### [TASK DESCRIPTION]
Please repeat, exactly and without pictures, the lines of the entries below that run from the one containing "IMGM6125 | pl-fotografie" through the one containing "Adult Stink Bug".
◇ ◇ ◇ ◇ ◇ ◇ ◇
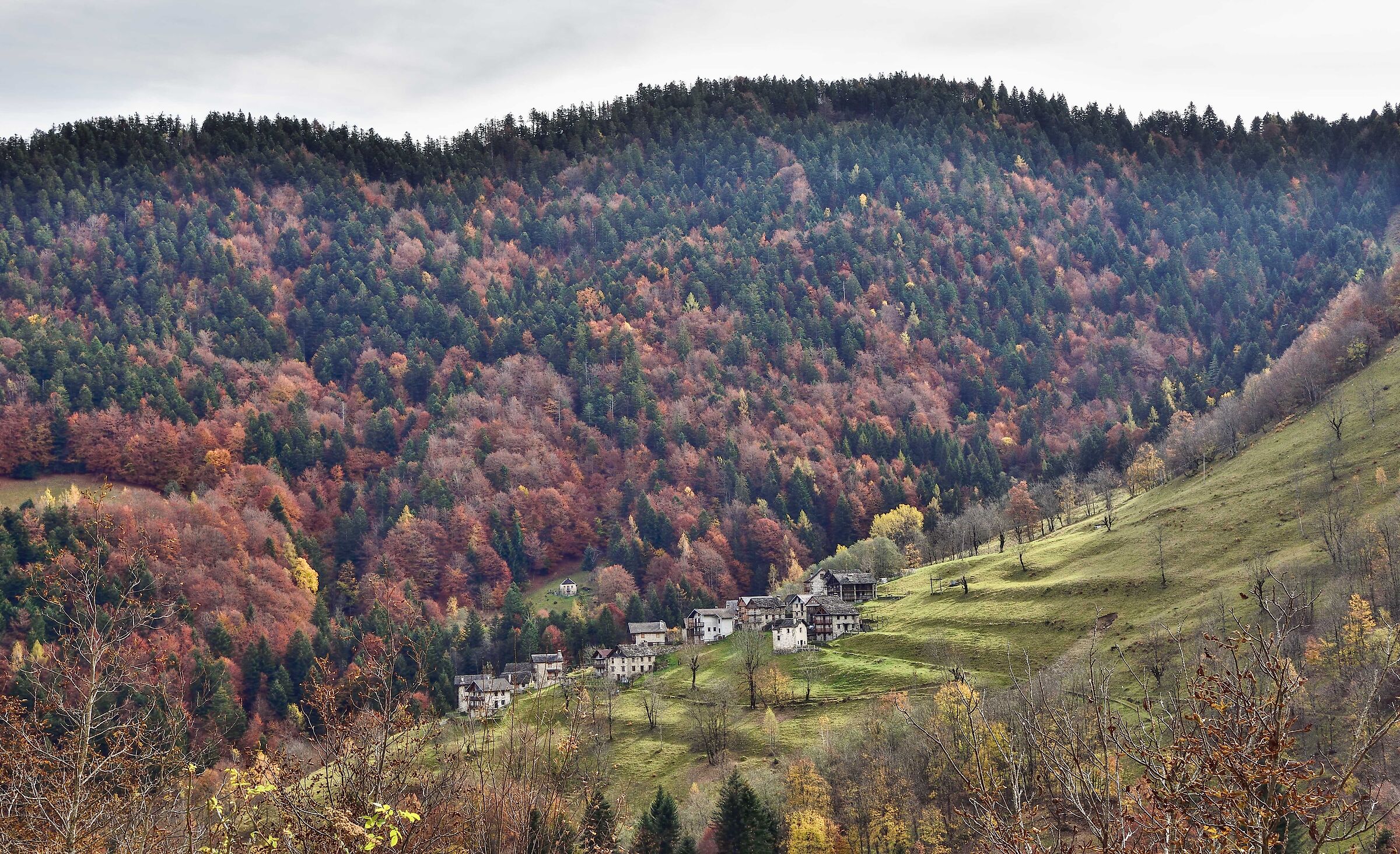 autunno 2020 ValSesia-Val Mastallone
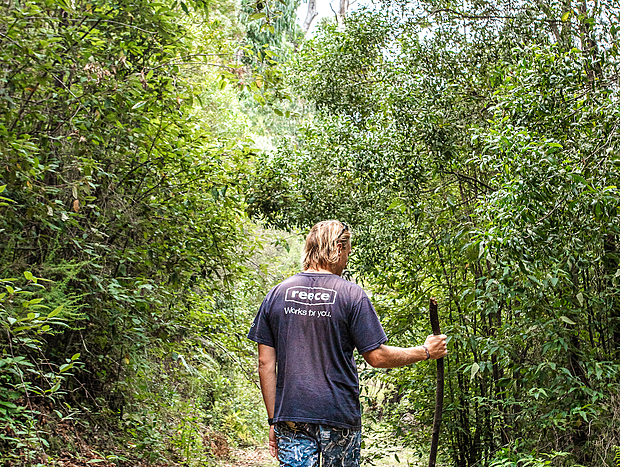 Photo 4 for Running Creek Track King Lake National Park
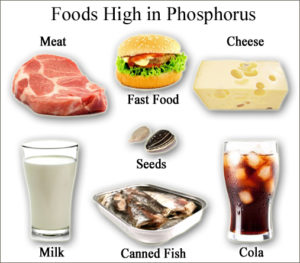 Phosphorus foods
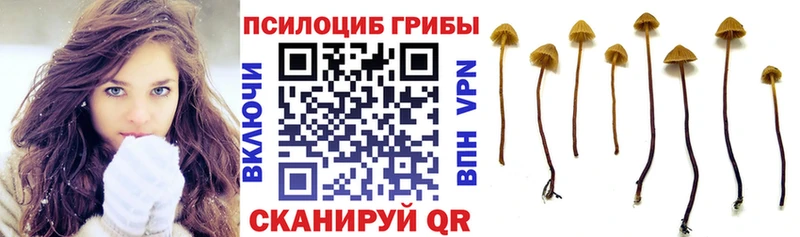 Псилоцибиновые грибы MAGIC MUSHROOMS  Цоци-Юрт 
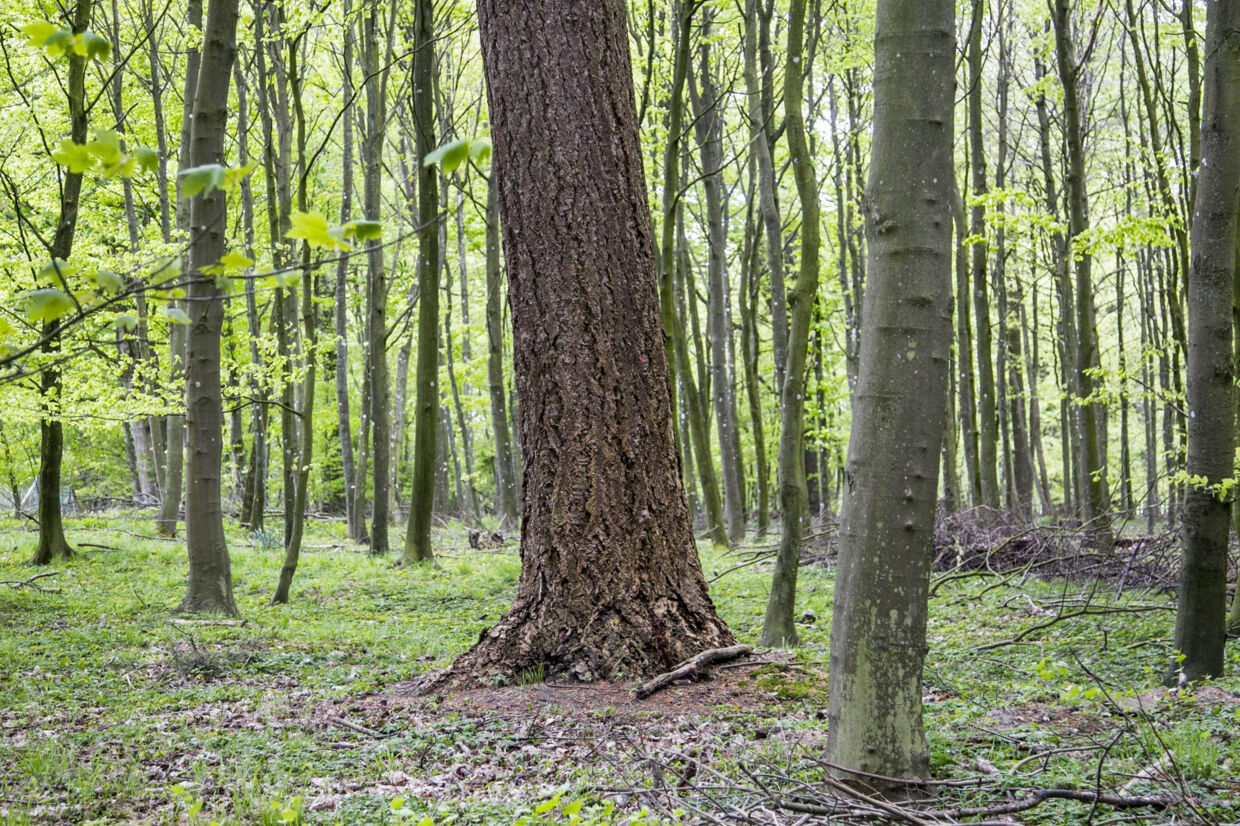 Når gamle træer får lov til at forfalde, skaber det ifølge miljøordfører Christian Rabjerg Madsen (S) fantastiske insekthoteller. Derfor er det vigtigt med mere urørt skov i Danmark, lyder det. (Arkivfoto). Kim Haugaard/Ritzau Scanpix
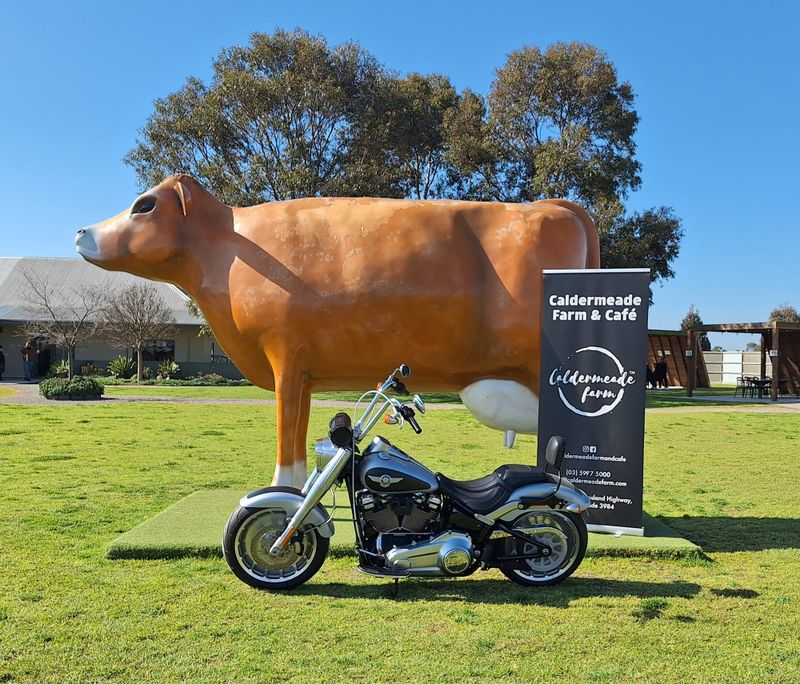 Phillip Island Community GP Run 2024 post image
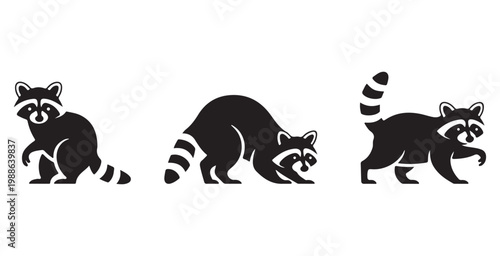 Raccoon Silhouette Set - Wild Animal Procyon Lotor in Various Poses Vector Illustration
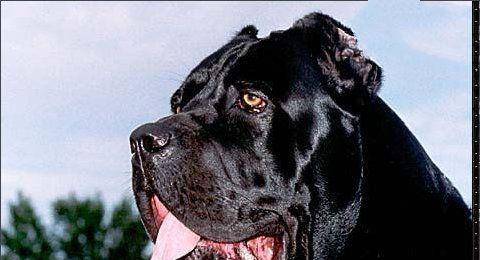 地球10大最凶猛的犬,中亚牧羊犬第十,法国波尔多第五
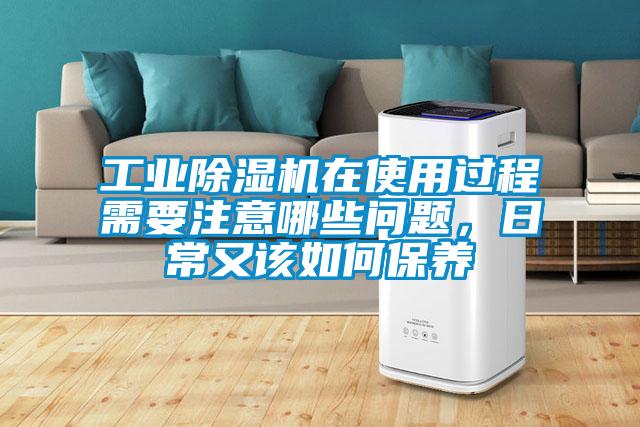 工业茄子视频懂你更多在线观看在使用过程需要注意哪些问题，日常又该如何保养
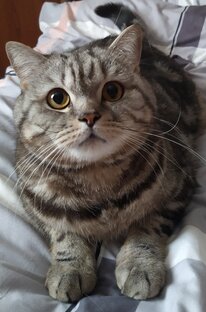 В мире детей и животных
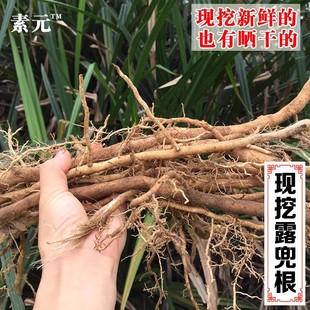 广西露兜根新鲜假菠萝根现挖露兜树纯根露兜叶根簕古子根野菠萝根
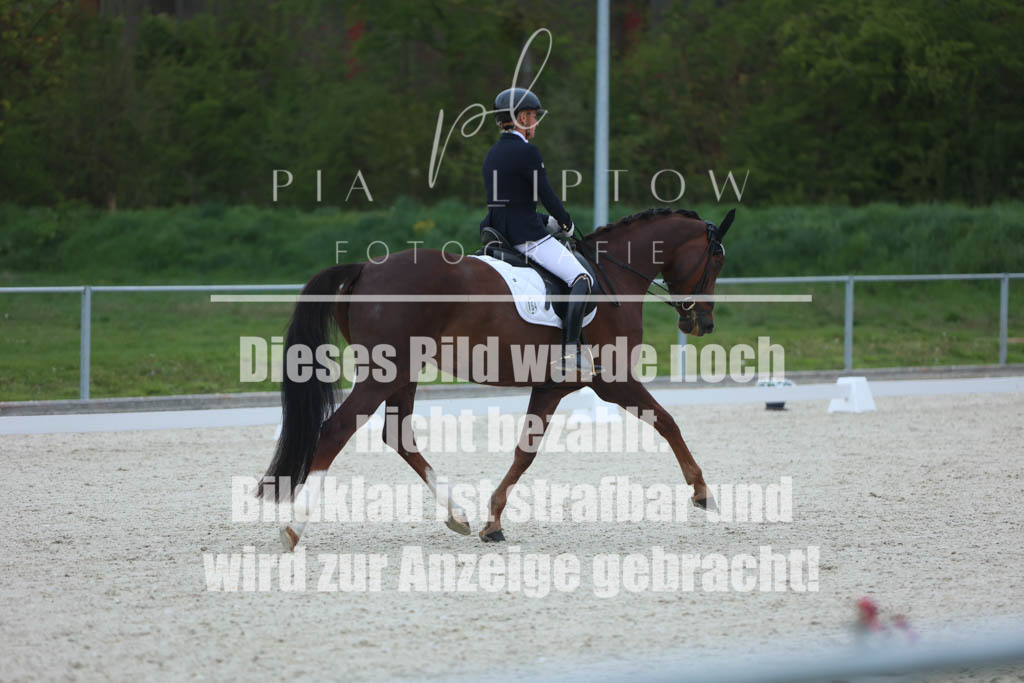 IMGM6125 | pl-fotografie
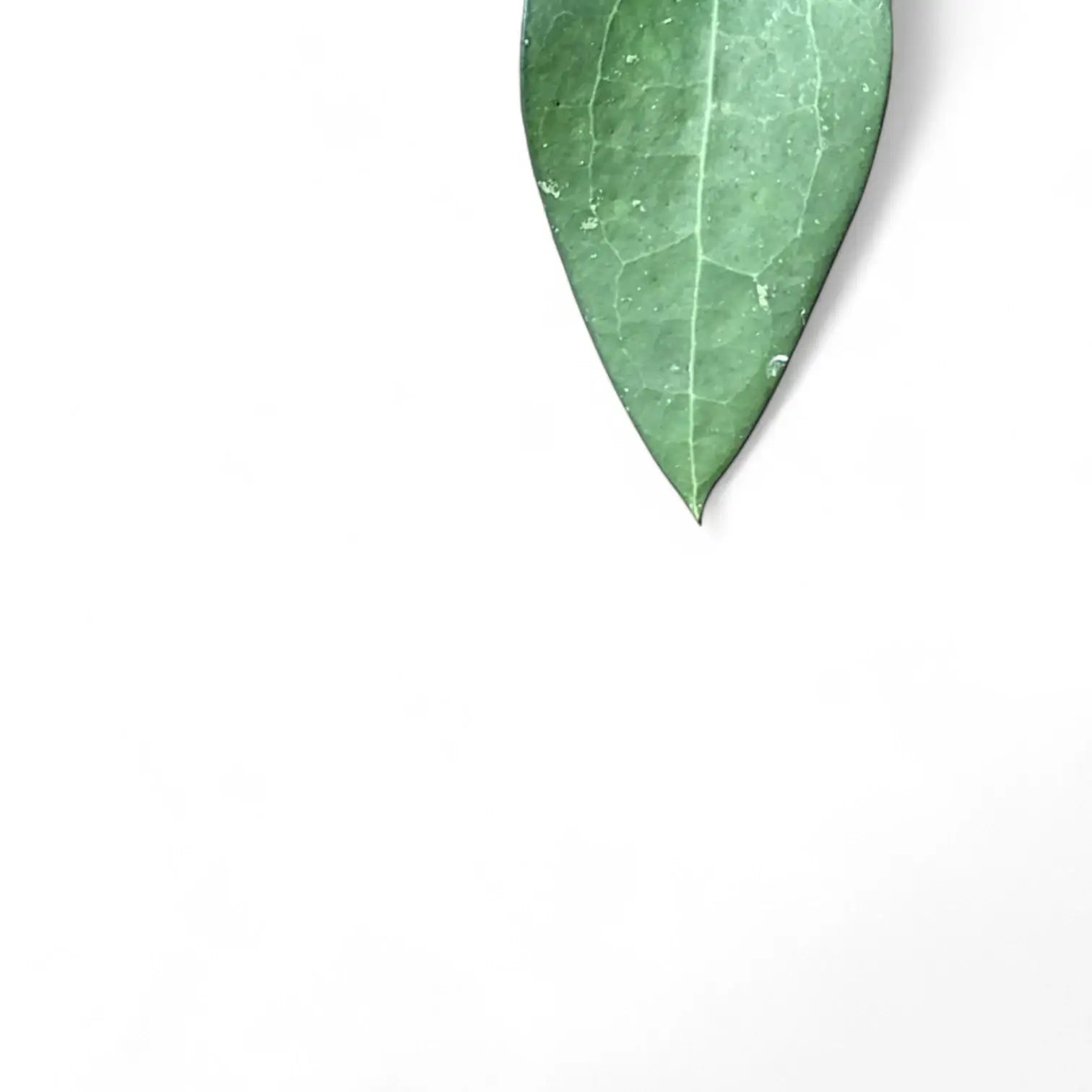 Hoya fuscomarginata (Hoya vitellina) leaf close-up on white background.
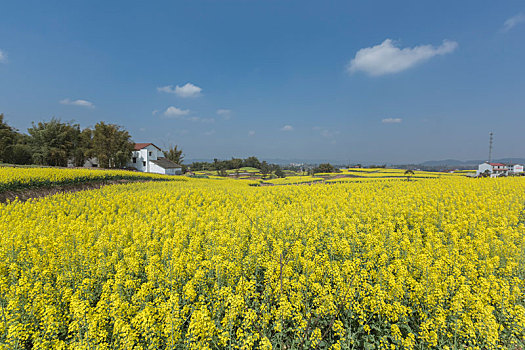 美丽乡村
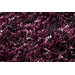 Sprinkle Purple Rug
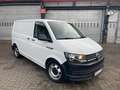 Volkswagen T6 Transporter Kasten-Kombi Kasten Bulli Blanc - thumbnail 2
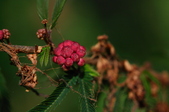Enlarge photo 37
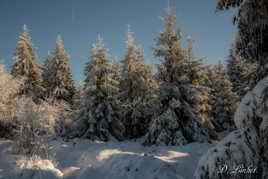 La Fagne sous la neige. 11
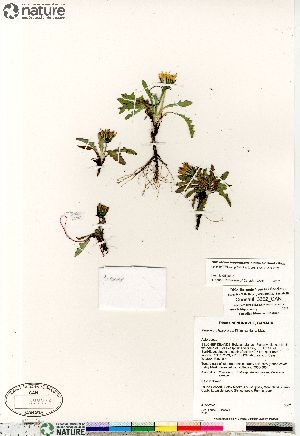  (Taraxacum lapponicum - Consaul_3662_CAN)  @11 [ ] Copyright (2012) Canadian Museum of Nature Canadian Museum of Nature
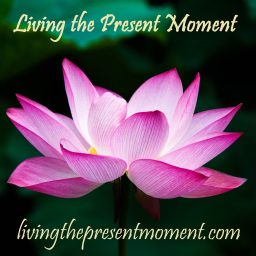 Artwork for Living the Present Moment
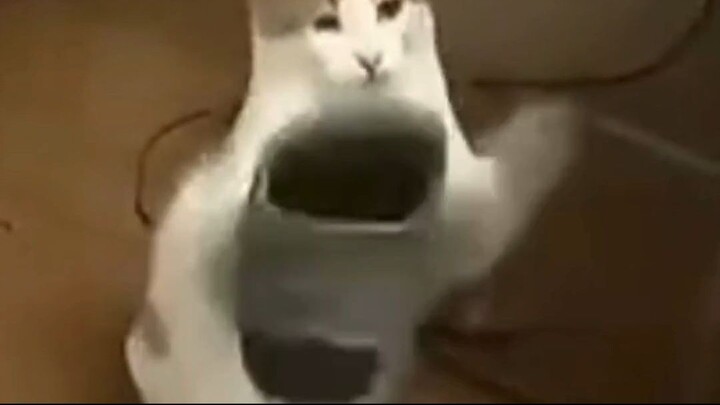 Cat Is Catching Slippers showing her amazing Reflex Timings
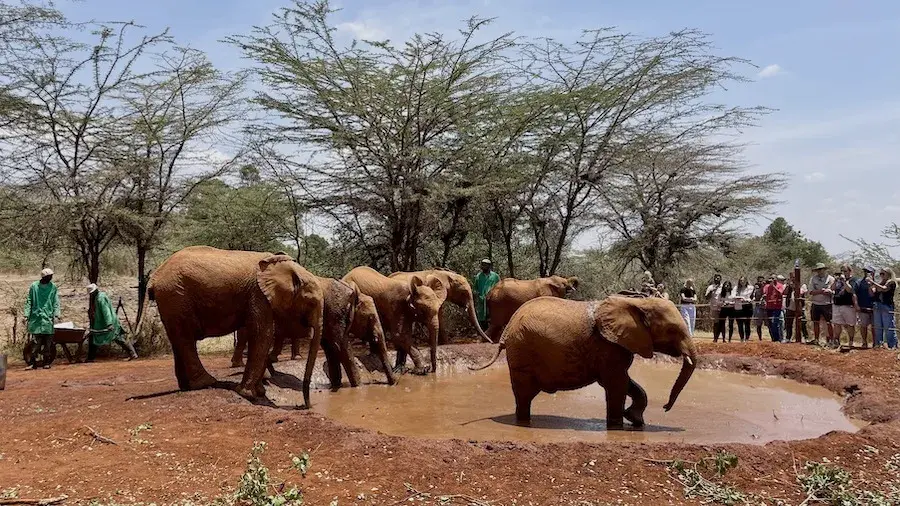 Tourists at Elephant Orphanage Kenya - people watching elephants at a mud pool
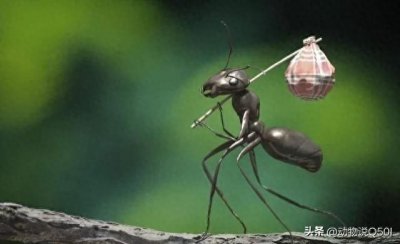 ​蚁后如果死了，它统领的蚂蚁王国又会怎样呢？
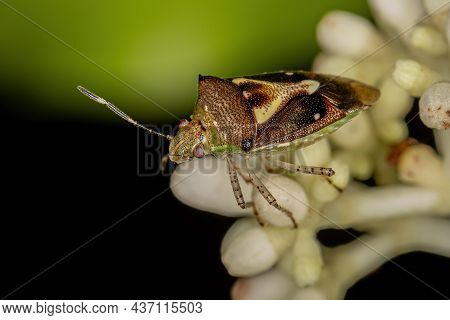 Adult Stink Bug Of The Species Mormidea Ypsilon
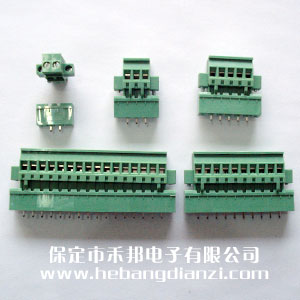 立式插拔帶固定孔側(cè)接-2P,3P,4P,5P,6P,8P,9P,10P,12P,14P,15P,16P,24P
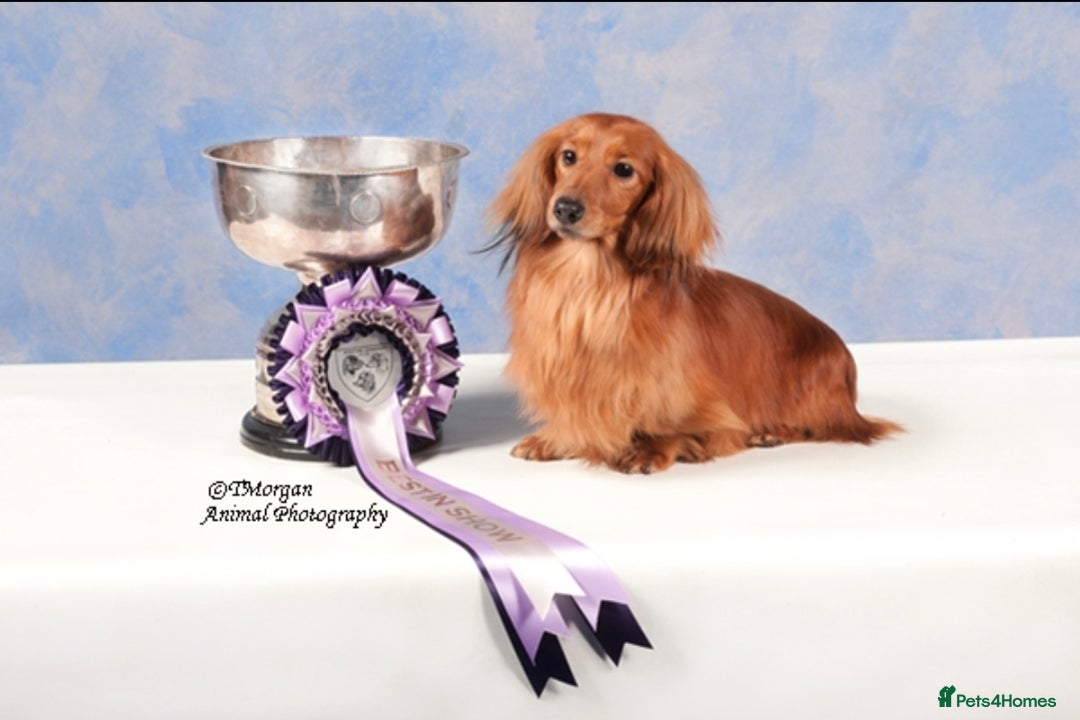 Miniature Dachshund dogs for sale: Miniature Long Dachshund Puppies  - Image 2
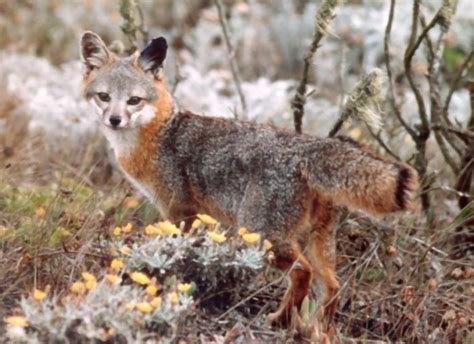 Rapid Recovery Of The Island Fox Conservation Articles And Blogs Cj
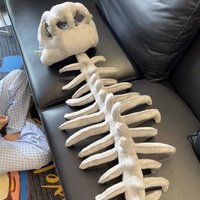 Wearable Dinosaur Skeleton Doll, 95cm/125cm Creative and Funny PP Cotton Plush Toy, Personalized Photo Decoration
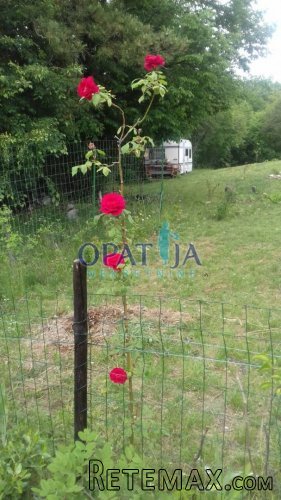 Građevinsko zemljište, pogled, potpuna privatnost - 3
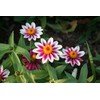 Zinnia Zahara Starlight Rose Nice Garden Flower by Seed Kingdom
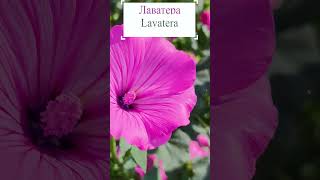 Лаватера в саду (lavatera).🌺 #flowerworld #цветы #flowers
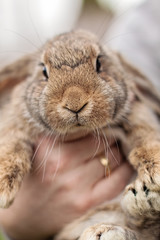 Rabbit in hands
◇ ◇ ◇ ◇ ◇ ◇ ◇
### [SOLUTION TO THIS PROBLEM]
 IMGM6125 | pl-fotografie
 Hoya fuscomarginata (Hoya vitellina) leaf close-up on white background.
 美丽乡村
 Sprinkle Purple Rug
 Volkswagen T6 Transporter Kasten-Kombi Kasten Bulli Blanc - thumbnail 2
Enlarge photo 37
 La Fagne sous la neige. 11
  (Taraxacum lapponicum - Consaul_3662_CAN)  @11 [ ] Copyright (2012) Canadian Museum of Nature Canadian Museum of Nature
 Artwork for Living the Present Moment
 Cat Is Catching Slippers showing her amazing Reflex Timings
 Tourists at Elephant Orphanage Kenya - people watching elephants at a mud pool
 ​蚁后如果死了，它统领的蚂蚁王国又会怎样呢？
 Adult Stink Bug Of The Species Mormidea Ypsilon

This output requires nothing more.